“Oranges can be sweet or sour,” I answered. “Like love.”
Country: Columbia
Title: Orange Wine
Author: Esperanza Hope Synder
Language: English
Translator: N/A
Publisher: Mareas Books 2025
Esperanza Hope Snyder’s Orange Wine was a bit of a disappointment. It opens with a bang – “While I was giving birth to Lucy, my husband, Alessandro, was lying in bed with my sister Isabel” – but it never really delivered. Ines is supposed to be partaking on a journey of “artistic freedom and feminine awakening,” but she never seems fully developed enough for her journey to strike a chord. Despite all the pieces being there, they seemed a bit disjointed, and I never felt like I really saw Ines.

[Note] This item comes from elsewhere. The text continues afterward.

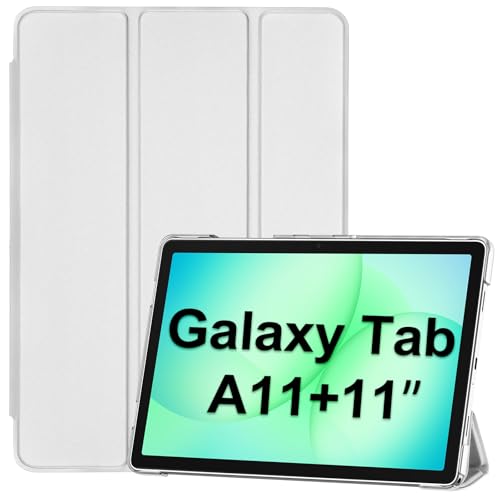 ProCase Funda para Samsung Galaxy Tab A11+ Plus 2025 11 Pulgadas/Galaxy Tab A9+ Plus 2023, Carcasa Delgada con Soporte, Cubierta Trifold con Activación y Suspensión Automática   Plateado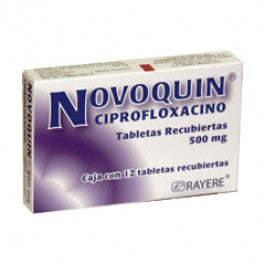 NOVOQUIN TAB. 500 MG. CAJA C/12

The novel is set in early twentieth century Columbia. Ines is clearly the pretty daughter, the doted-on baby of the family. The Catholic Church is a main character here, dictating much of what happens in Ines’s life, but again, there is just a disconnect with how the story is told. Ines marries a scoundrel who can’t keep it in his pants, and his relationship with Ines’s sister began before they were even married. (I’d say the sisters are all awful here, but they’re painted with the same brush as Ines.) Ines ends up with the man one of her other sister’s had her eyes on, despite being still married. They begin a relationship.
There are some really good things here about the control over women by fathers, husbands, and the church, but the delivery just fall flat. What makes it even more unfortunate is that the novel was inspired by her grandparents.
Well. They can’t all be winners. (But I am counting this on Tommi Reads the World!)